Segment Open

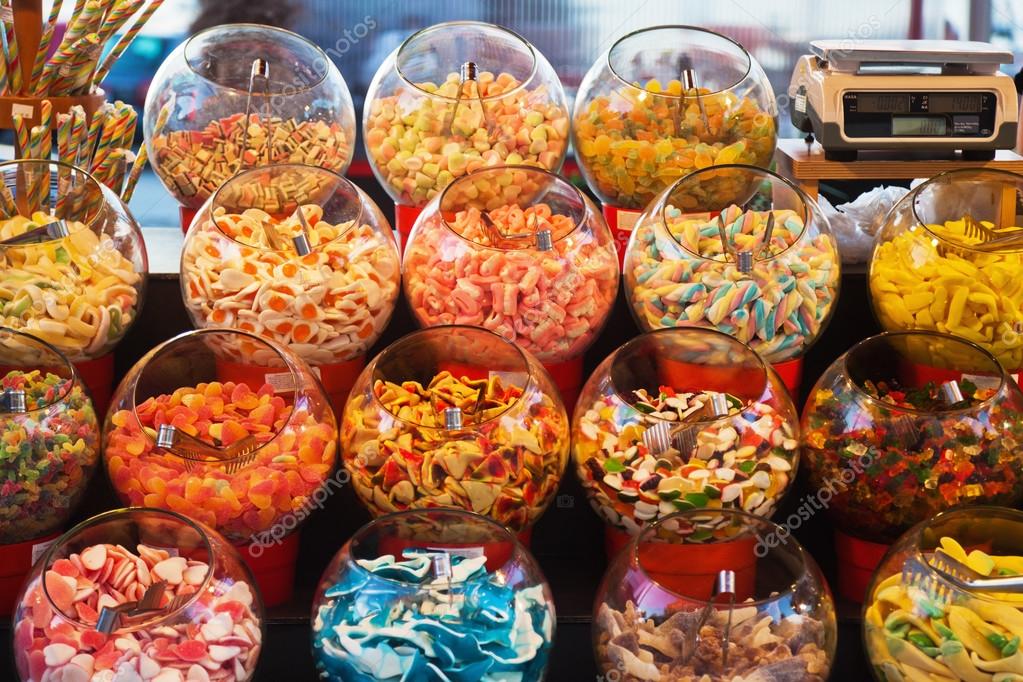 Market stall with candy bowls — Stock Photo © Madrabothair 56013697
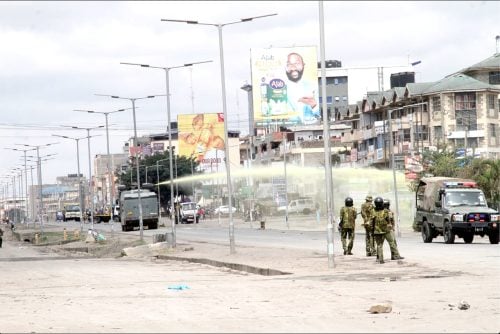 Police officers use a water Canon to spray protesters at Kitengela during the Saba Saba protests. PHOTO/Christine Musa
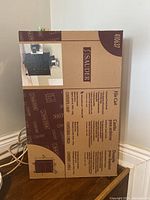 Photo showing front side of original unopened Sauder File Cart box with product details and image of the file cart.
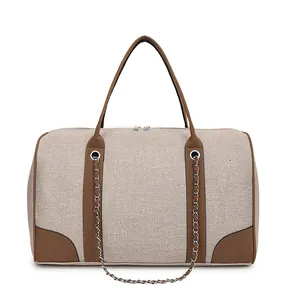 Detail view of the large canvas tote bag with brown leather handles and dual zipper closure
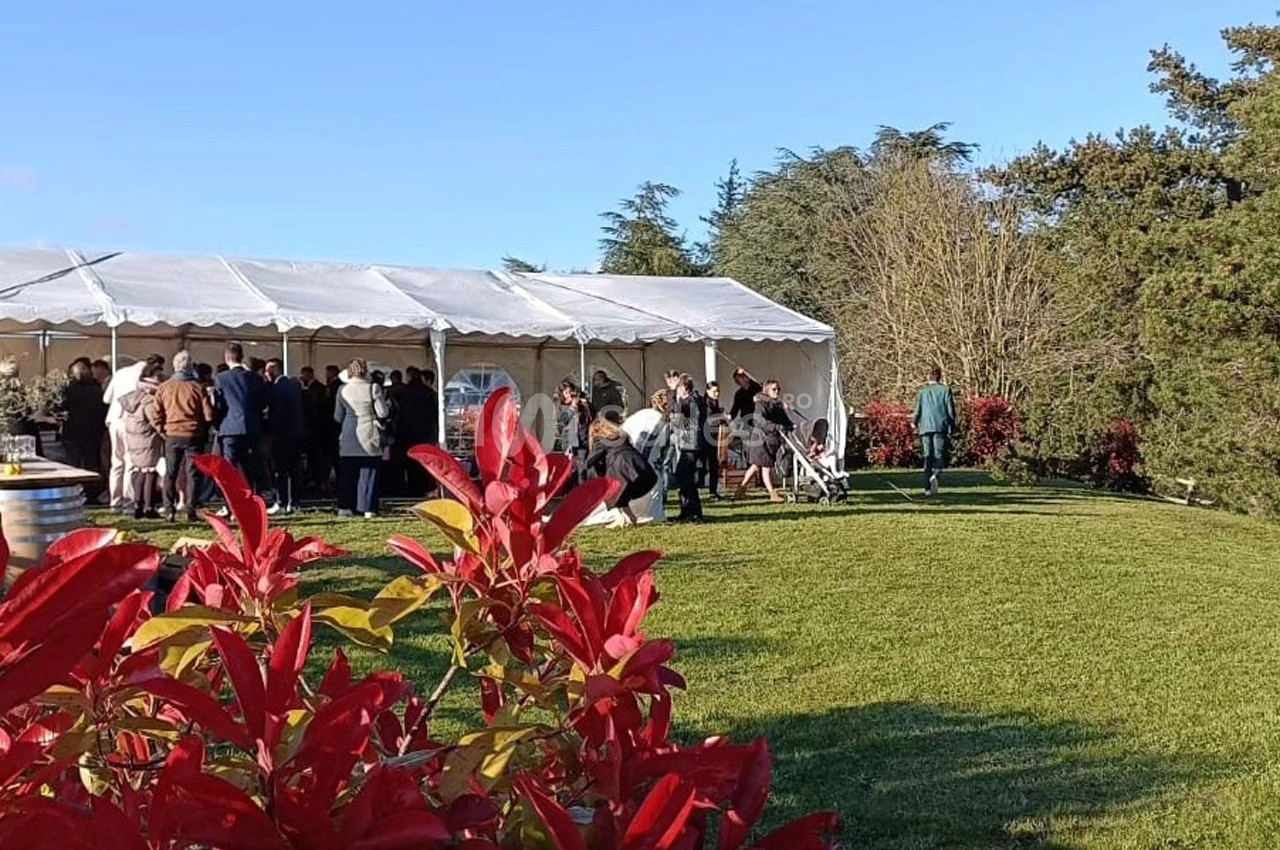 Groupe de personnes rassemblées près d'une tente blanche dans un jardin verdoyant par une journée ensoleillée.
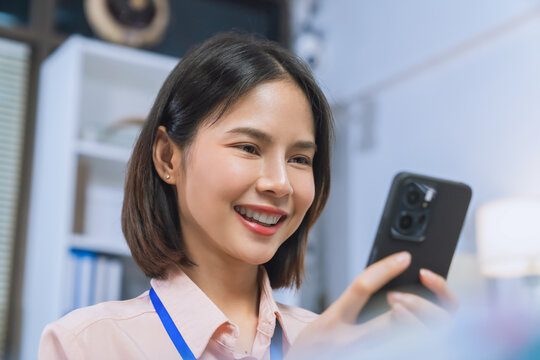 Smiling young Asian businesswoman using smartphone while working in office, mobile communication and business technology concept.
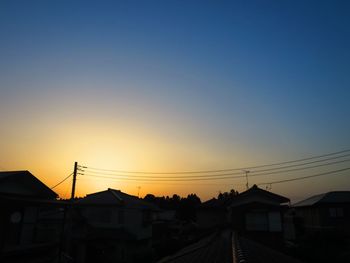 Silhouette houses against sky during sunset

Segment Closed

**ACTIVITY:** Give the data again word for word, without images.

**OUTPUT OF THE TASK:**
 Market stall with candy bowls — Stock Photo © Madrabothair 56013697
 Police officers use a water Canon to spray protesters at Kitengela during the Saba Saba protests. PHOTO/Christine Musa
 Photo showing front side of original unopened Sauder File Cart box with product details and image of the file cart.
 Detail view of the large canvas tote bag with brown leather handles and dual zipper closure
 Groupe de personnes rassemblées près d'une tente blanche dans un jardin verdoyant par une journée ensoleillée.
 Smiling young Asian businesswoman using smartphone while working in office, mobile communication and business technology concept.
 Silhouette houses against sky during sunset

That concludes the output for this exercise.